_TO DO_.
Show each line of the records in which the word "white" occurs.

_DATA FOR PROCESSING_.
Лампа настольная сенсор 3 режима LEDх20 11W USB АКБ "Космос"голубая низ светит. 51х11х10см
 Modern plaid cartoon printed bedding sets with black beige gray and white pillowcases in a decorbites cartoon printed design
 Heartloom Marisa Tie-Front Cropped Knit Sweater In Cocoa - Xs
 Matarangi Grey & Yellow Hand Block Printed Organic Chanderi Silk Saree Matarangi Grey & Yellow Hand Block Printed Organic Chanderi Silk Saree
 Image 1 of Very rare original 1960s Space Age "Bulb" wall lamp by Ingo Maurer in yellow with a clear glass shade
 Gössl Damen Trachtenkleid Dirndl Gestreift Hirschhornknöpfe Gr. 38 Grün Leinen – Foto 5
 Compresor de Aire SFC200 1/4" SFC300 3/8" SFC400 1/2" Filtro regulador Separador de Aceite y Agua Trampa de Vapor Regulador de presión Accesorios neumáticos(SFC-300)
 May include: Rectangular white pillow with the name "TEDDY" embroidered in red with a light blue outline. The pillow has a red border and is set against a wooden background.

_RESULT OF THIS TASK_.
 Modern plaid cartoon printed bedding sets with black beige gray and white pillowcases in a decorbites cartoon printed design
 May include: Rectangular white pillow with the name "TEDDY" embroidered in red with a light blue outline. The pillow has a red border and is set against a wooden background.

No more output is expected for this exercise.